Or, dans l’affaire, la cour d’appel avait bien reconnu que l’employeur avait tardé à engager la procédure de tentative de reclassement puis la procédure de licenciement, mais avait considéré que l’obligation de reclassement est autonome de celle de reprendre le paiement du salaire et n’est pas enfermée dans un délai, de sorte que cette lenteur ne peut constituer un manquement de la part de l’employeur à ses obligations contractuelles ou légales.

Erreur de raisonnement pour la chambre sociale, qui, indépendamment de l’obligation de paiement du salaire, voit dans le fait de maintenir le salarié dans une situation d’inactivité forcée au sein de l’entreprise peut être constitutif d’un manquement de l’employeur à son obligation de bonne foi, dont il appartient au juge du fond de mesurer la gravité, laquelle peut le cas échéant conduire à empêcher la poursuite du contrat de travail et donc justifier une résiliation judiciaire.
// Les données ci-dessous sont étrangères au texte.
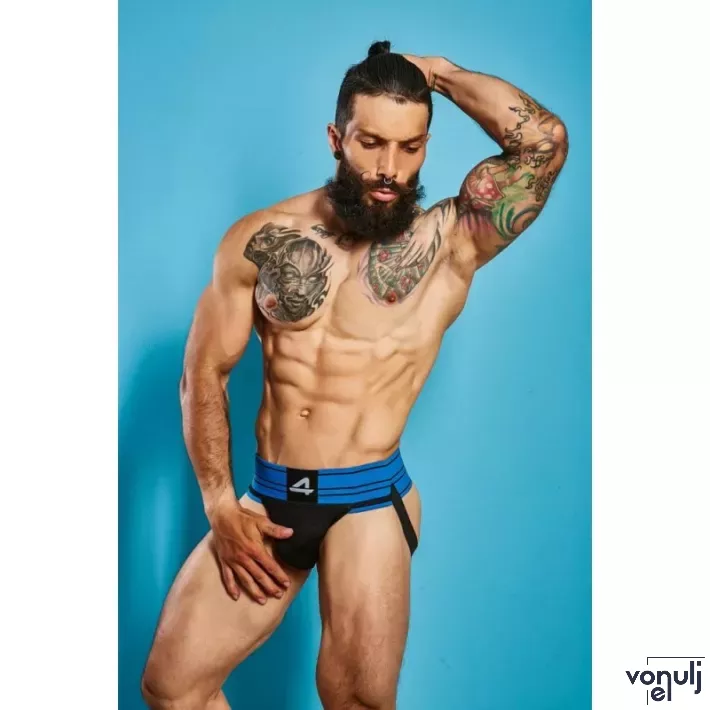 CUT4MEN erotikus férfi alsó Rugby Jockstrap ElectricBlue M - kék- fekete színben, M méretben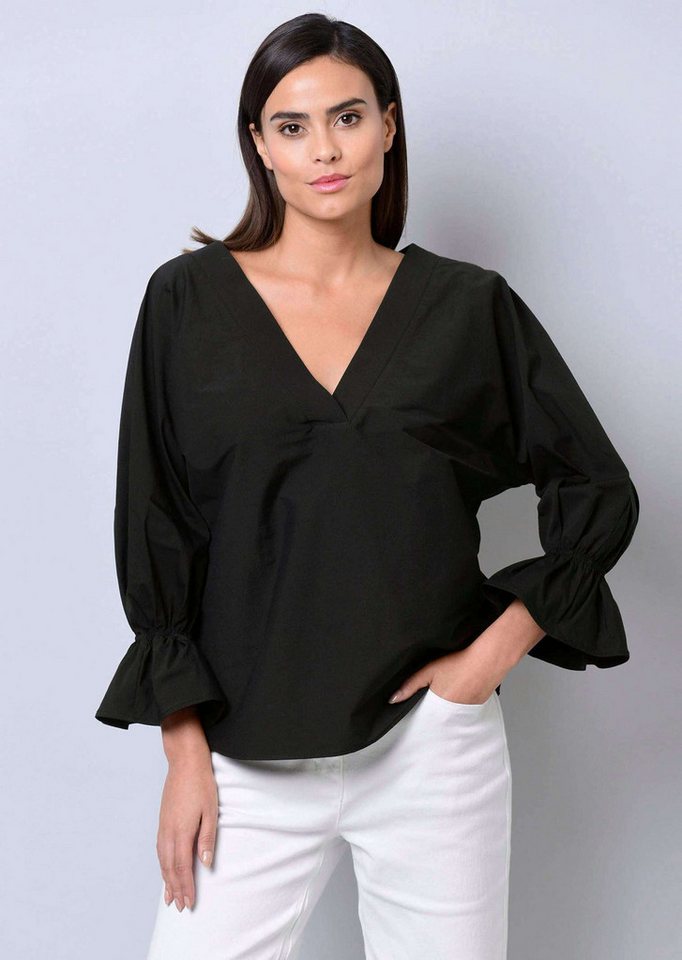 Alba Moda Hemdbluse Oversizedbluse mit Volant am Ärmelabschluss von Alba Moda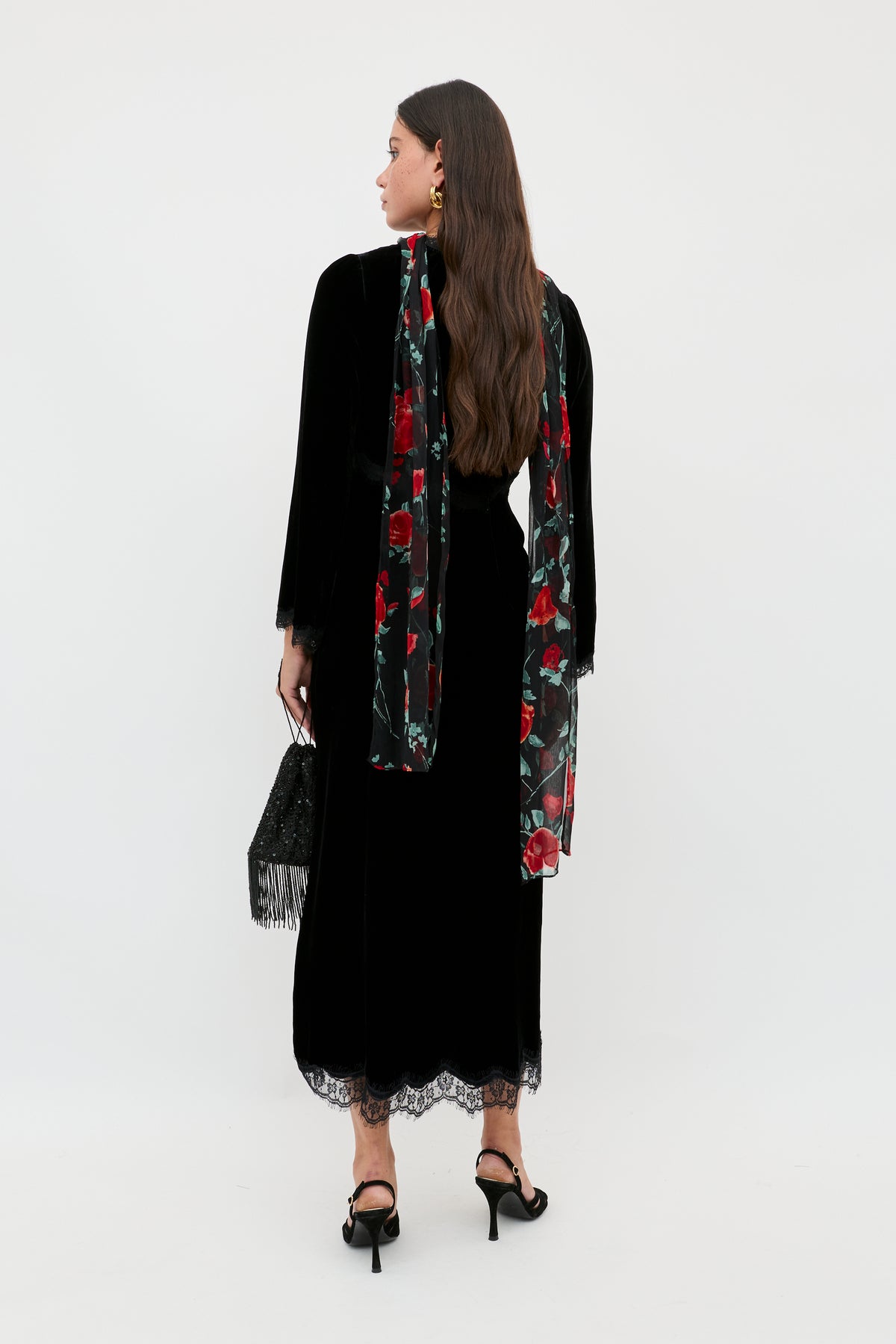 Alessi Silk-Velvet Midi Dress in Black | RIXO USA Alessi Silk-Velvet Midi Dress in Black | RIXO USA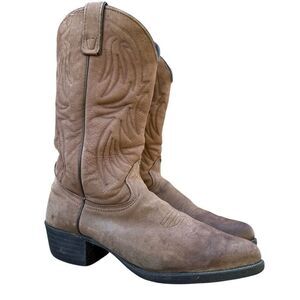 TEXAS Brand Tan Suede Leather Western Cowboy Boots Women's Size 9.5 USA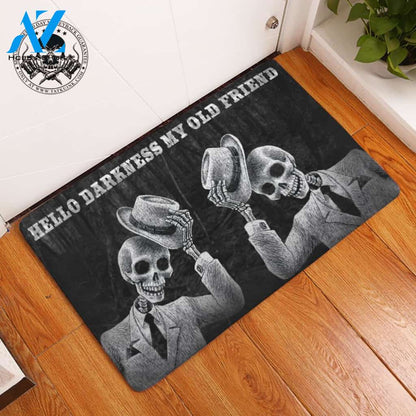 Hello Darkness My Old Friend Skull Doormat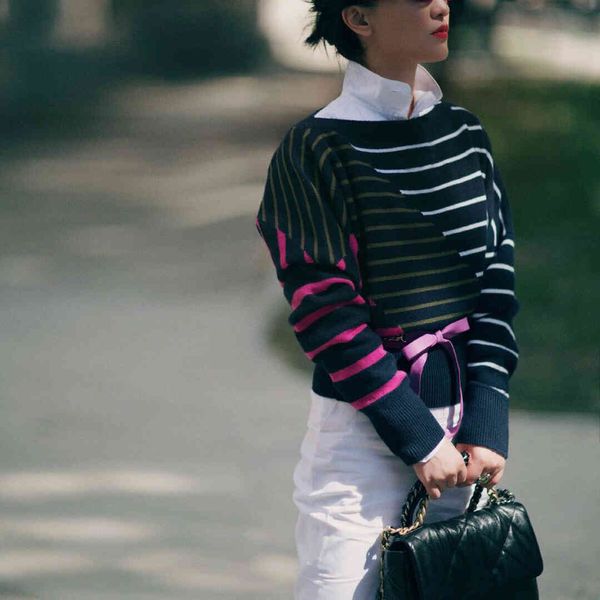 

sweaters high-end soft wool knit sweater women's pullover o-neck batwing sleeve contrast stripes casual knitwear fashion jumper, White;black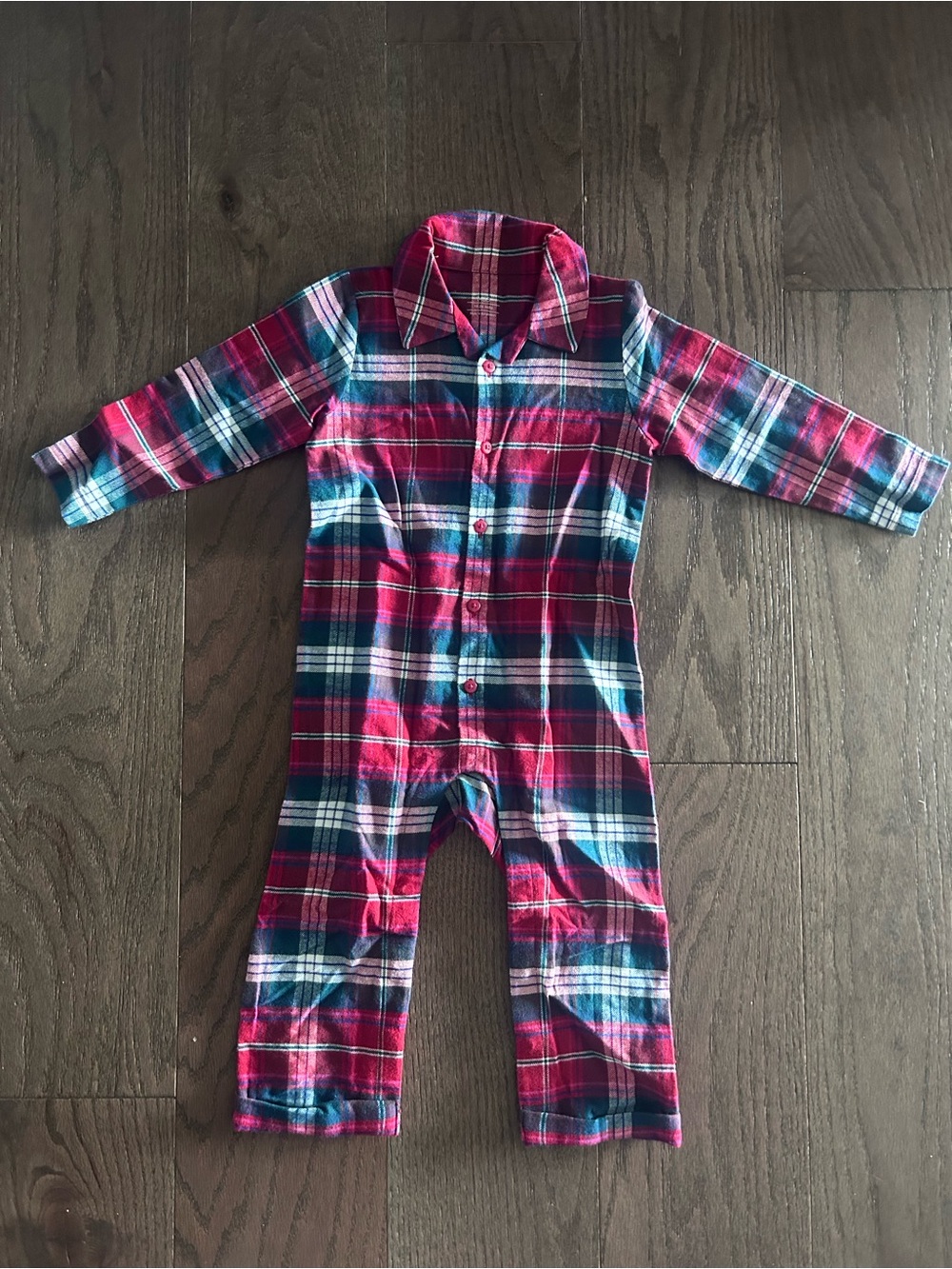M&S Size 18-24 month Toddler One Piece Plaid Pyjamas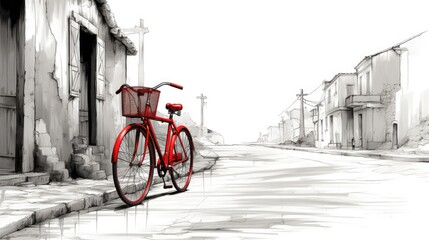 red bicycle on the street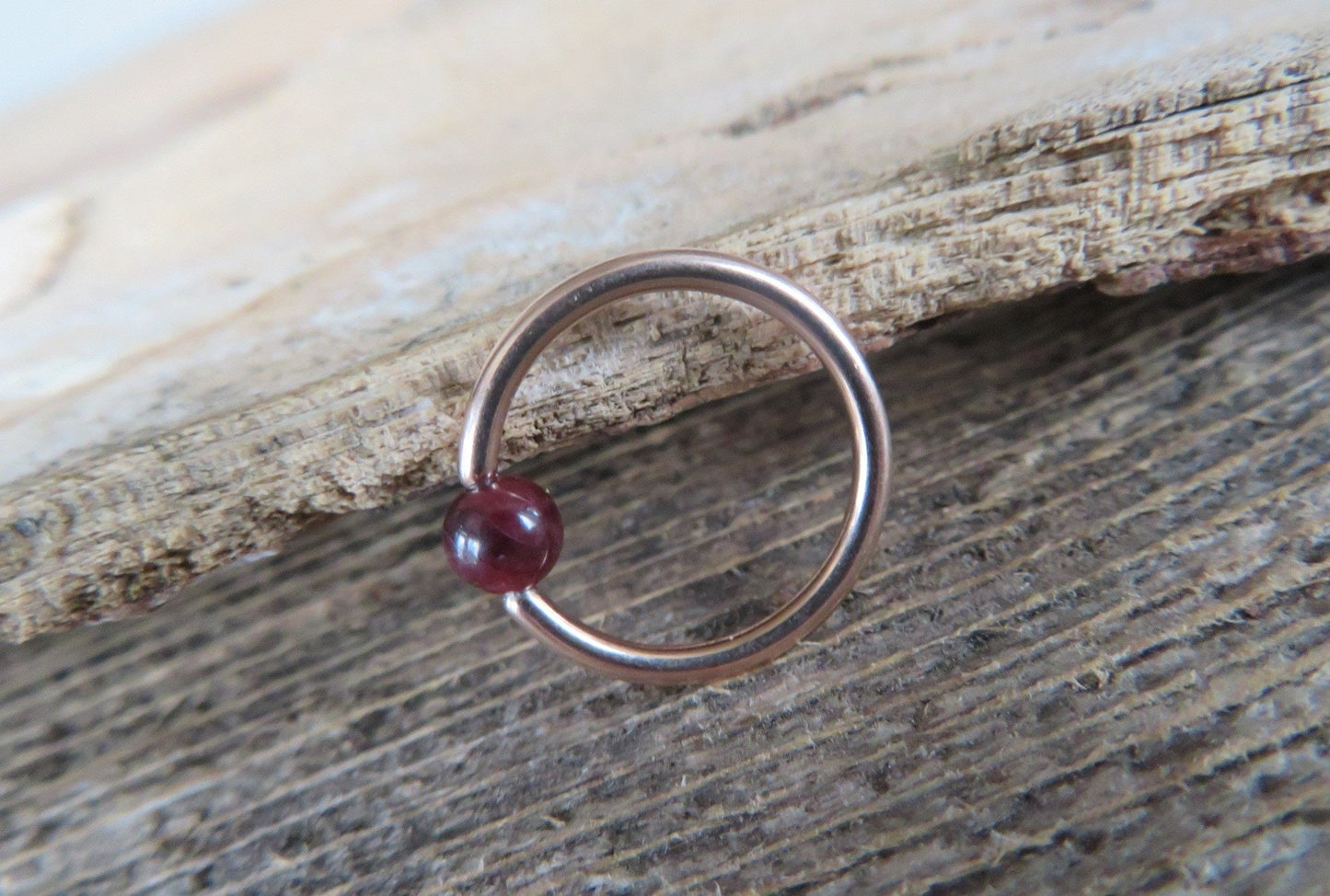 Natural Deep Red Garnet Stone Bead Rose Gold Titanium Plated CBR Ring Hoop 16G (1.2mm) 14G (1.6mm) Nose Cartilage Septum Piercing 316L Steel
La solution posée vient ainsi livrer une nouvelle illustration de l’obligation de bonne foi de l’employeur dans le cadre particulier de la procédure d’inaptitude. La jurisprudence avait déjà pu considérer que le manquement de l’employeur à son obligation de reprendre le paiement des salaires justifie la rupture du contrat de travail à ses torts et produit les effets d’un licenciement sans cause réelle et sérieuse (Soc. 4 mai 1999, n° 97-40.547 P, D. 1999. 142 ; Dr. soc. 1999. 741, obs. J. Savatier ; RJS 1999. 497, n° 816). Elle n’avait toutefois jamais exprimé, à notre connaissance, que l’inertie ou tout du moins la lenteur dans les démarches de reclassement pouvait s’analyser en un manquement à l’obligation de bonne foi, tout en ouvrant la porte à l’idée que cela puisse constituer un manquement suffisamment grave pour justifier une résiliation judiciaire (et donc potentiellement une prise d’acte) aux torts exclusifs de l’employeur.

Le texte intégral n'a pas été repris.